**Work task**.
Reproduce, without alteration, every line of the data; exclude the images.

**Data excerpt**.
- - -
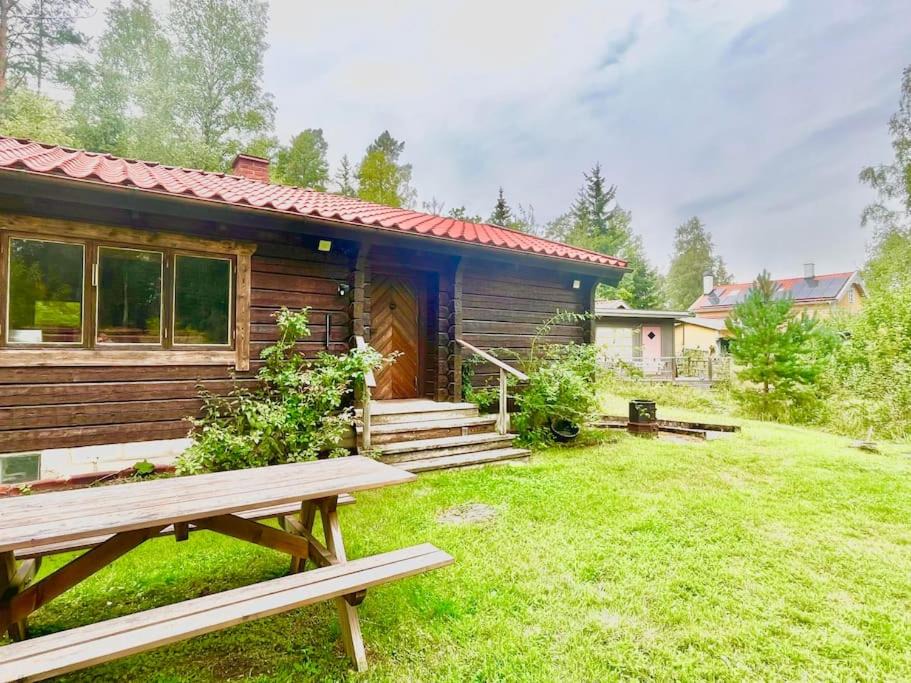 Photo of Others in Upplands Vasby Municipality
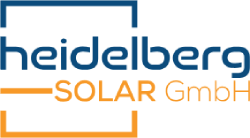 Heidelberg Solar GmbH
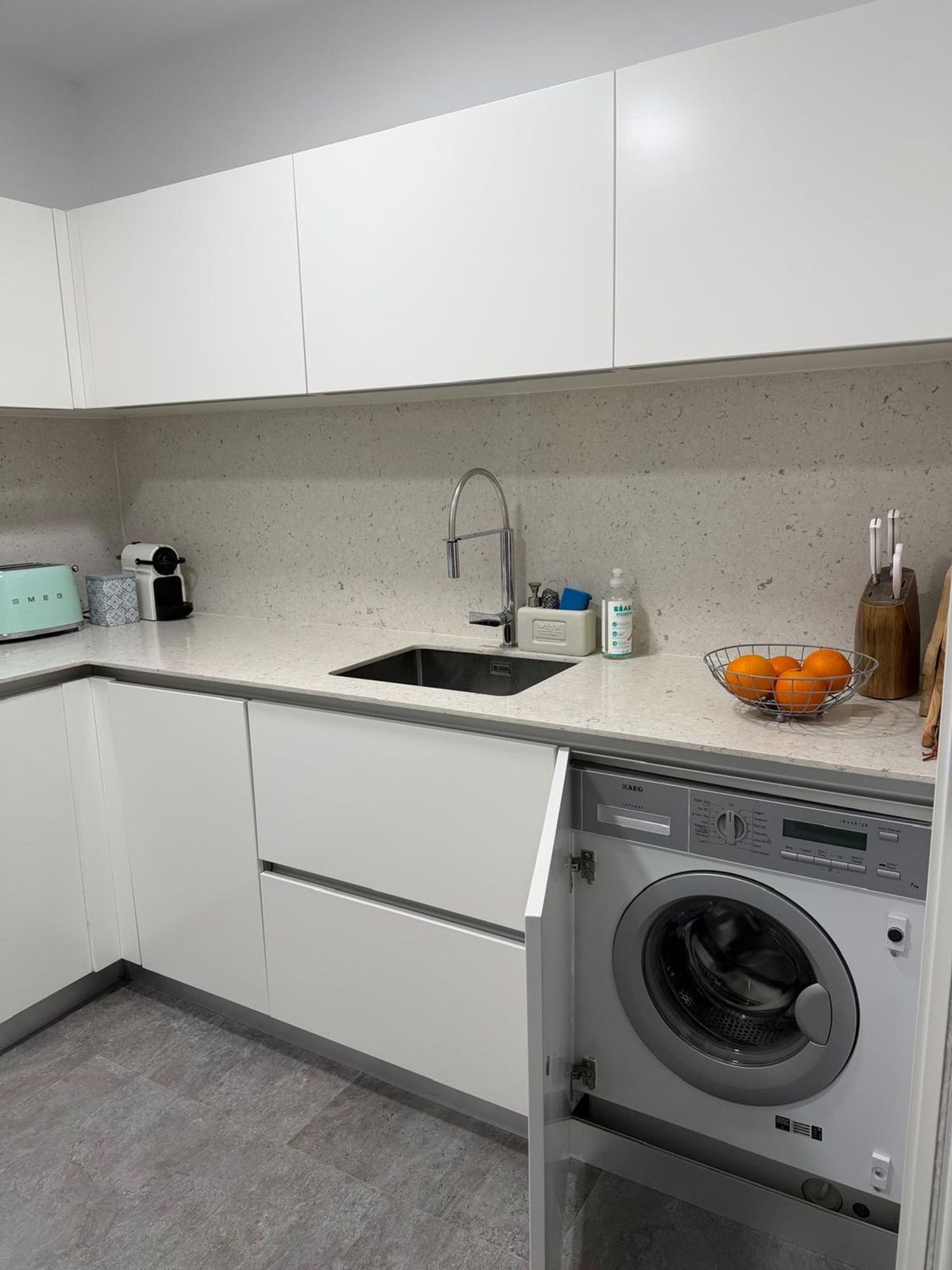 Piso en Barrio Gran Vía - Foto 17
- - -
**Your response**.
 Photo of Others in Upplands Vasby Municipality
 Heidelberg Solar GmbH
 Piso en Barrio Gran Vía - Foto 17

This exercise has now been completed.